INSTRUCTIONS FOR THE TASK: Of the entries below, repeat exactly only those lines from the one containing "Смарт-часы GEOZON FLY" through the last line, with pictures omitted.

(Extracted records)
● ● ● ●
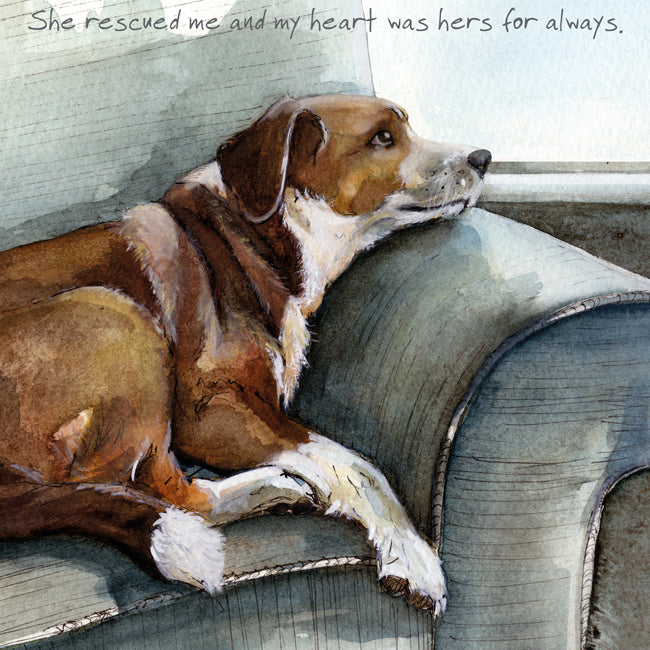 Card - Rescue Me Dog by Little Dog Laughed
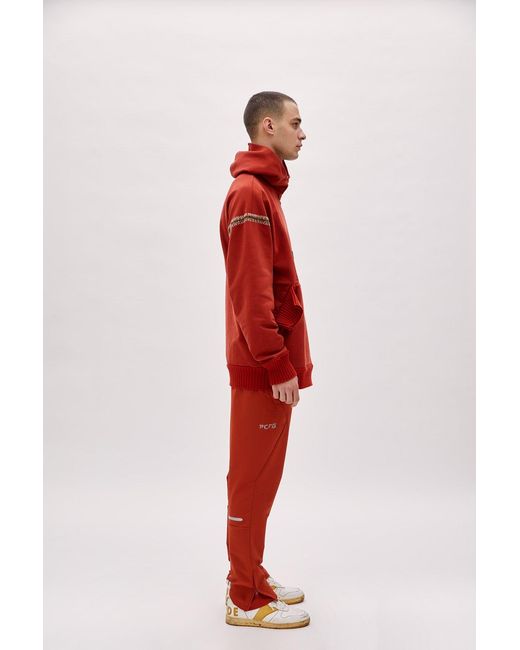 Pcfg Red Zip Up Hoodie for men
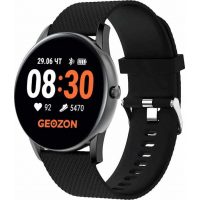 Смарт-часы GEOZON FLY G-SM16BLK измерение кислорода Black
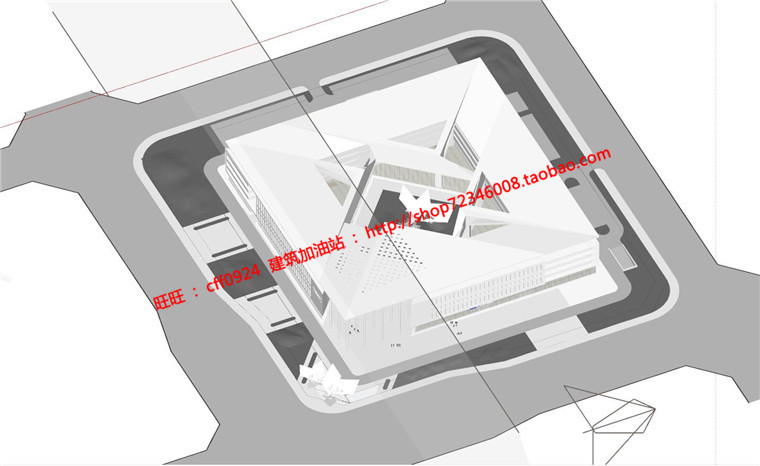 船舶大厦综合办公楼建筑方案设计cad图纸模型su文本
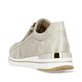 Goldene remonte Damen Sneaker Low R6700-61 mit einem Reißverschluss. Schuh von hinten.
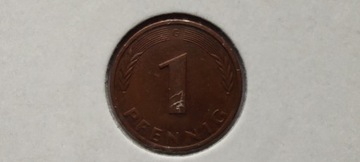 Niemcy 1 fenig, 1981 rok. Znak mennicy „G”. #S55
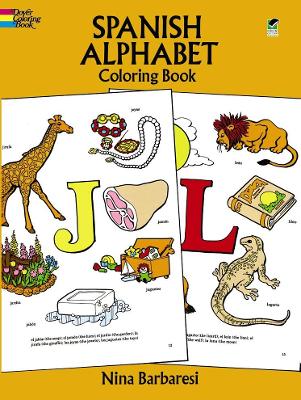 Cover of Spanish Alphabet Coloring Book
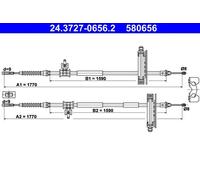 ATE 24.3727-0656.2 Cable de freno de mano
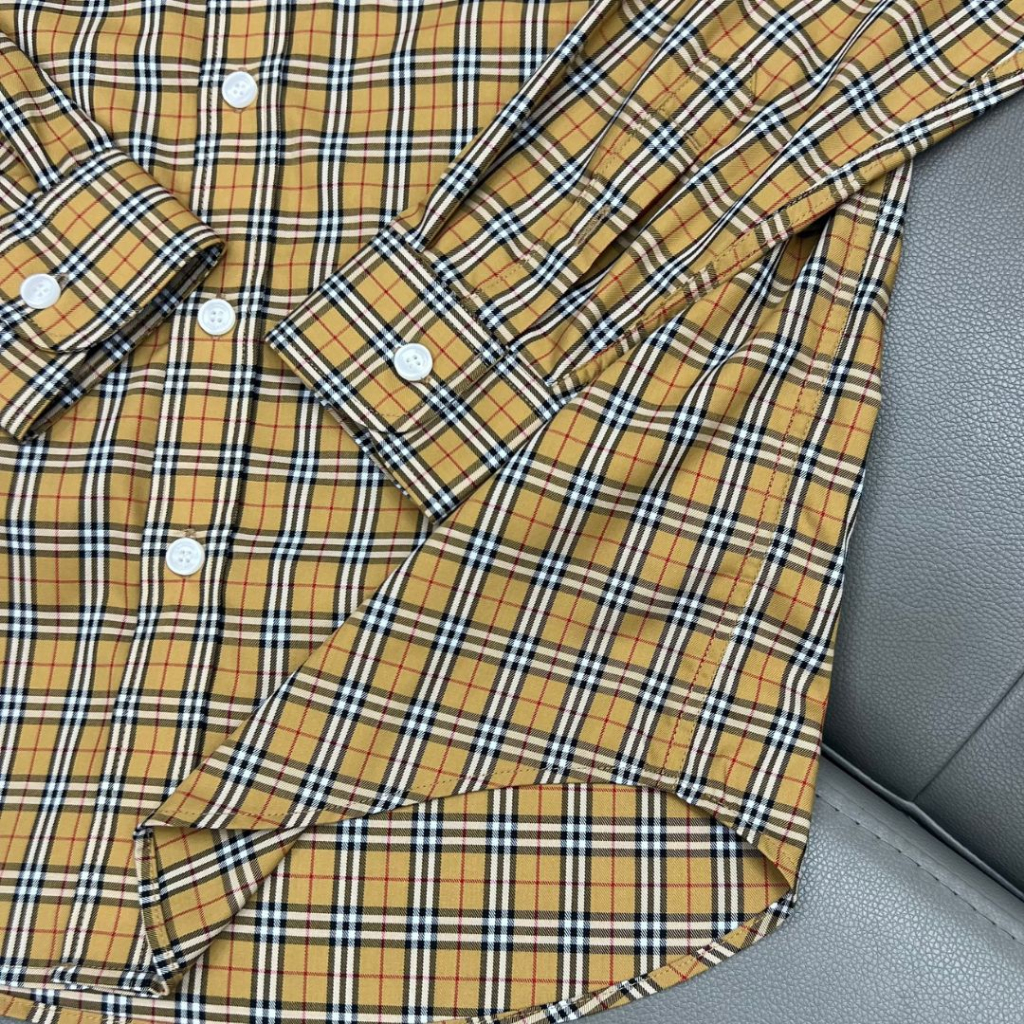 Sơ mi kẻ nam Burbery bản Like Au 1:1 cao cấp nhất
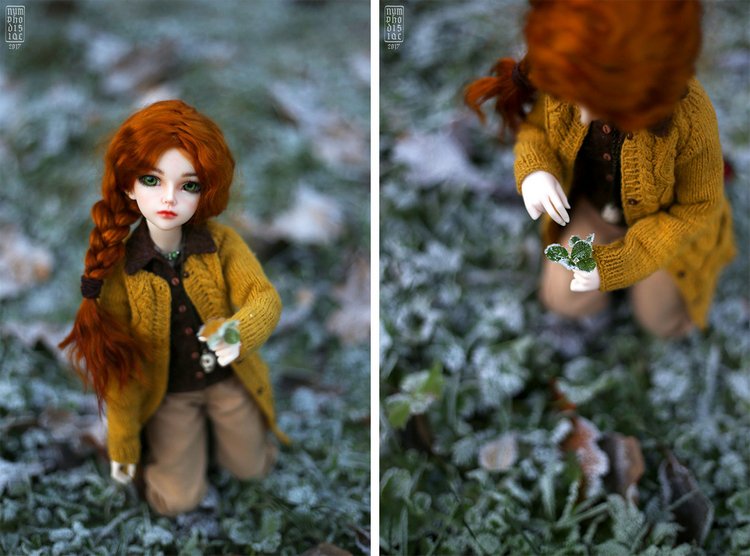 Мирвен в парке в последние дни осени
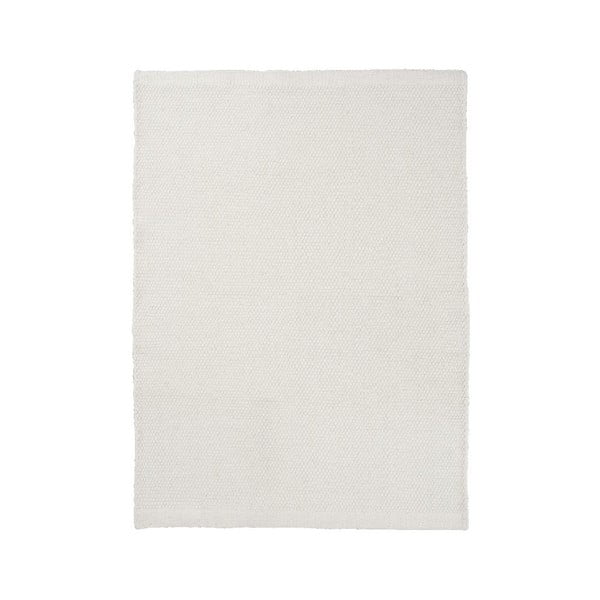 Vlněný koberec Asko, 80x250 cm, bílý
● ● ● ●
YOUR RESPONSE:
 Смарт-часы GEOZON FLY G-SM16BLK измерение кислорода Black
 船舶大厦综合办公楼建筑方案设计cad图纸模型su文本
 Goldene remonte Damen Sneaker Low R6700-61 mit einem Reißverschluss. Schuh von hinten.
 Niemcy 1 fenig, 1981 rok. Znak mennicy „G”. #S55
 Cover of Spanish Alphabet Coloring Book
 ATE 24.3727-0656.2 Cable de freno de mano
 Sơ mi kẻ nam Burbery bản Like Au 1:1 cao cấp nhất
 Мирвен в парке в последние дни осени
 Vlněný koberec Asko, 80x250 cm, bílý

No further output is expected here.